### What you should do
For the material below, reproduce exactly each line from the one that has "ПОЛИТИЧЕСКИЙ КРИЗИС РОССИИ" through the one that has "得力SF572速干鋼筆墨囊(黑)(10支/袋)", and no others; pictures stay out.

-------- Records for this exercise

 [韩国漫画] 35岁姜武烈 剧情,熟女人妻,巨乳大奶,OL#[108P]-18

----------------
-------- Records for this exercise

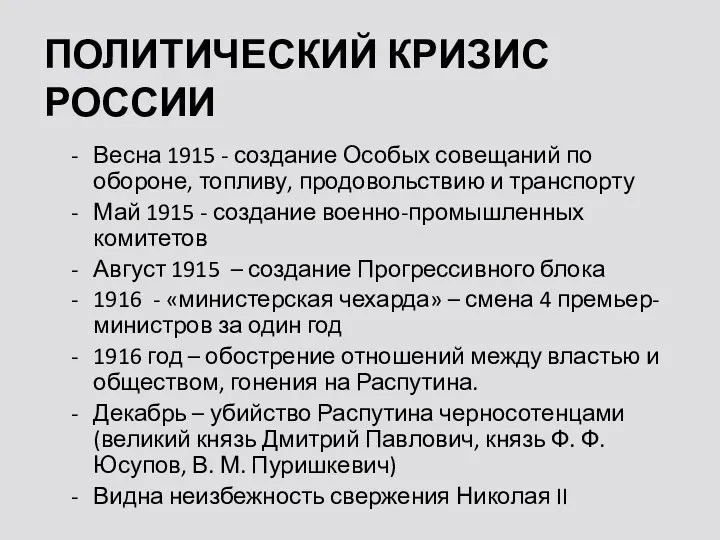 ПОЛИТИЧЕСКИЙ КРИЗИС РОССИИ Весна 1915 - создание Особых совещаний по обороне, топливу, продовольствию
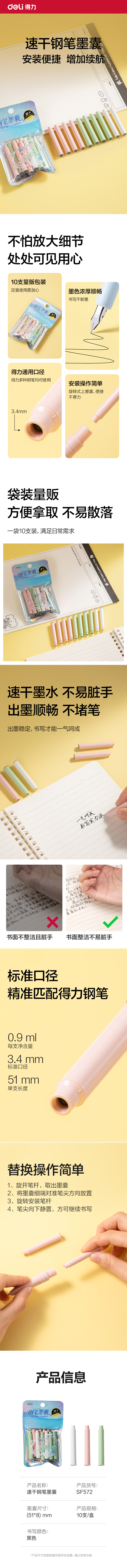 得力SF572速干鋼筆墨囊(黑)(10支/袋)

----------------

### Answer space
 ПОЛИТИЧЕСКИЙ КРИЗИС РОССИИ Весна 1915 - создание Особых совещаний по обороне, топливу, продовольствию
 得力SF572速干鋼筆墨囊(黑)(10支/袋)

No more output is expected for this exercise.